- Born: October 22, 1973 (age 51) Sainte-Claire, Quebec, Canada
- Height: 6 ft 1 in (185 cm)
- Weight: 198 lb (90 kg; 14 st 2 lb)
- Position: Centre
- Shot: Right
- Played for: Quebec Citadelles
- NHL draft: Undrafted
- Playing career: 1994–2004

= Carl Fleury =

Canadian ice hockey player

Carl Fleury (born October 22, 1973) is a Canadian retired professional ice hockey player who played 10 seasons across the ECHL and LNAH who is the current head coach of the Trois-Rivières Caron et Guay of the LNAH.

==Playing career==
Born in Sainte-Claire, Quebec, Fleury spent the majority of his ECHL career as a member of the Johnstown Chiefs.
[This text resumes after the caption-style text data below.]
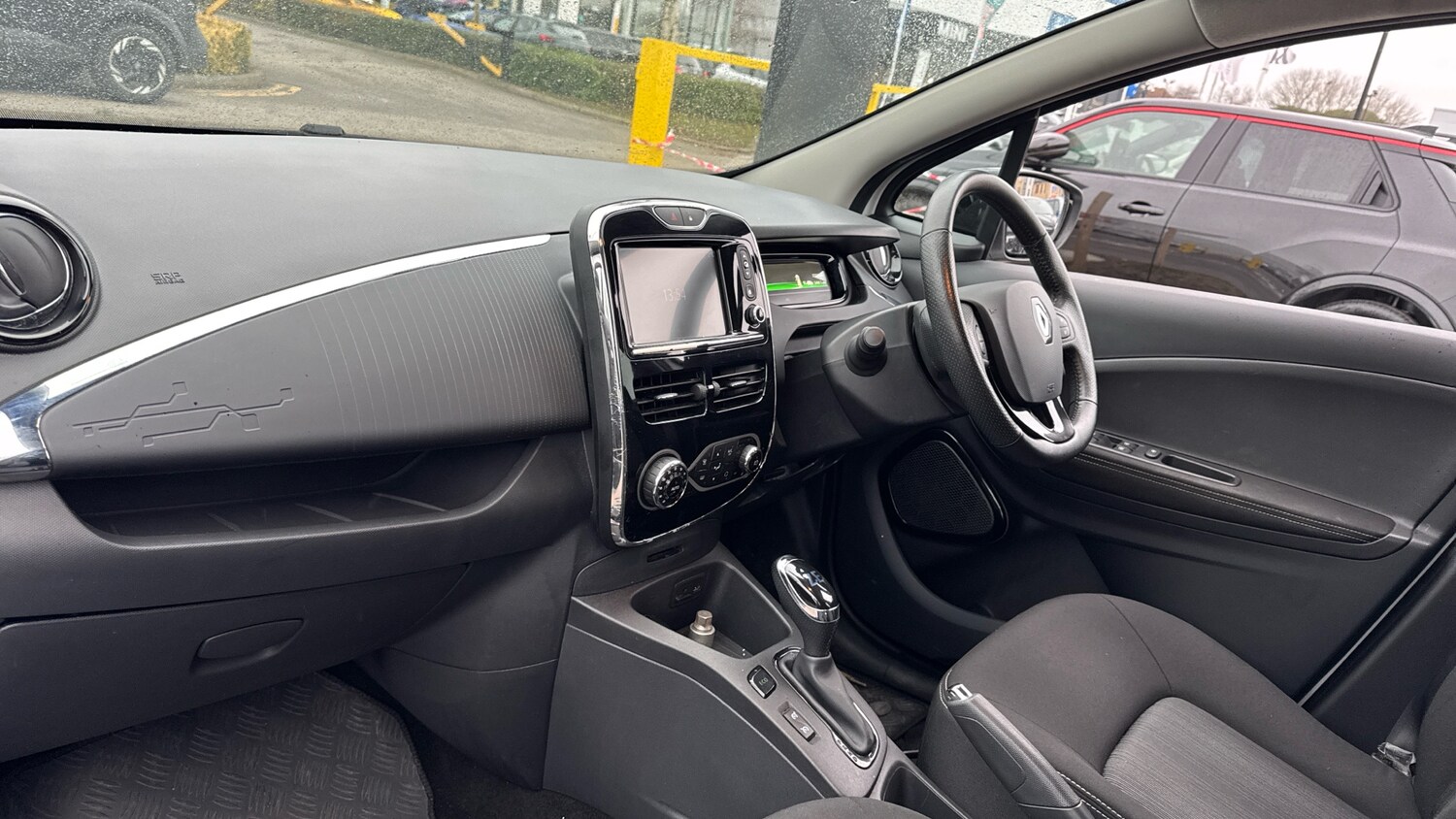 Used Renault Zoe 2017 for sale - 77449460: Photo 9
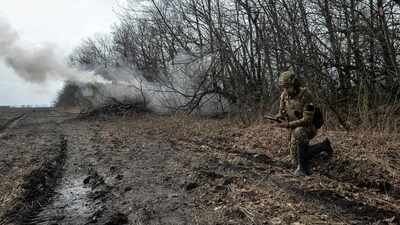Russia-Ukraine War: Ukrainian servicemen fire a self-propelled howitzer towards Russian troops. (Reuters)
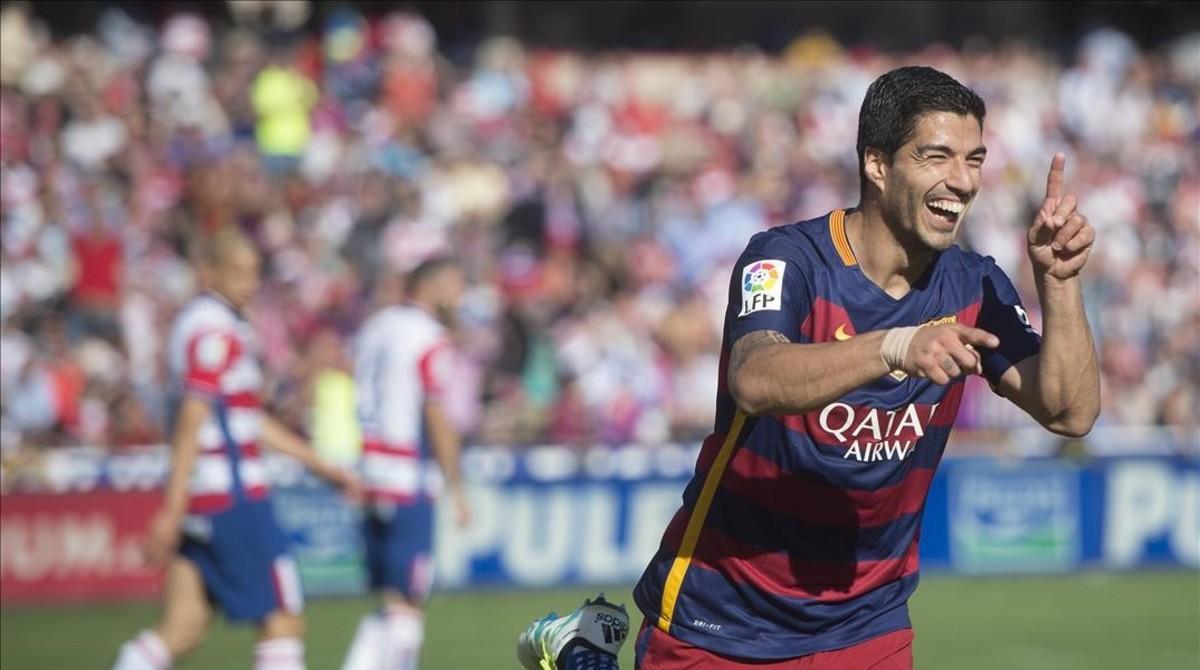 Luis Suárez celebra su tercer tanto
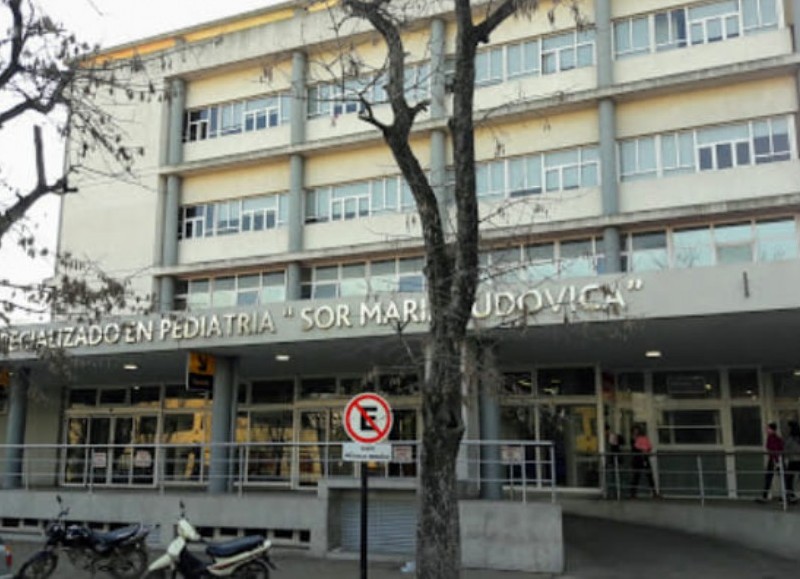 Se encuentra internado en el Hospital de Niños de La Plata.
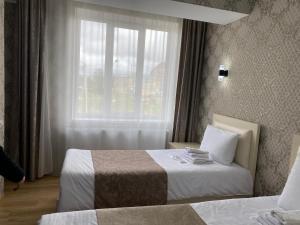 Rúm í herbergi á Hotel Sharl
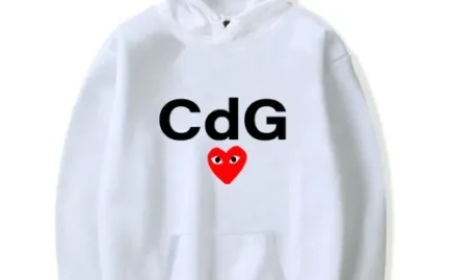 The Iconic CDG Shirt A Blend of Avant-Garde Fashion and Everyday Wear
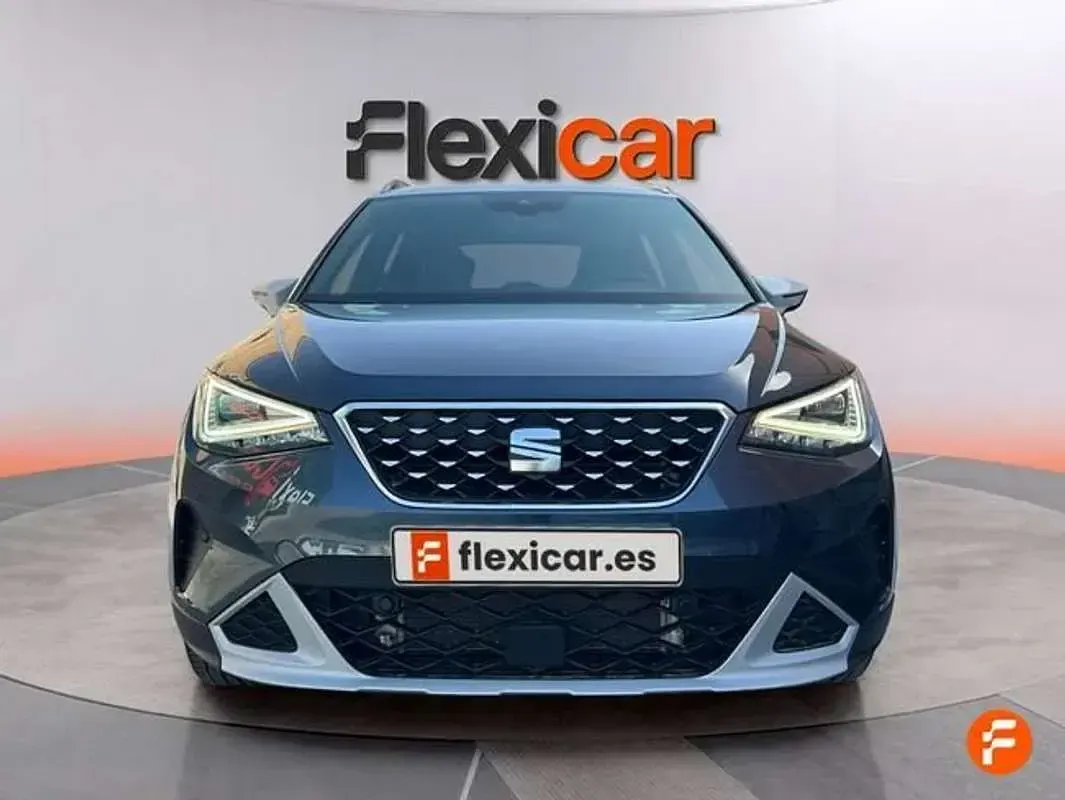 Usado Seat Arona FR 150 CV (110 kW) 2024 Gris SUV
Upon leaving the Chiefs in 2000, he joined St. Georges-de-Beauce Garaga, where he would play 4 seasons before leaving the team after the 2003-04 LNAH season.

==Coaching career==
Fleury would return to Saint Georges, Quebec to coach the Saint-Georges CRS Express, where he would lead the team to the Futura Cup. The former Saint-Georges Garaga - the team Fleury played for from 2000-2004 - were renamed the CRS Express after businessman Jean-Paul Blais bought the team in 2005. Blais is the owner of the CRS Express trucking company.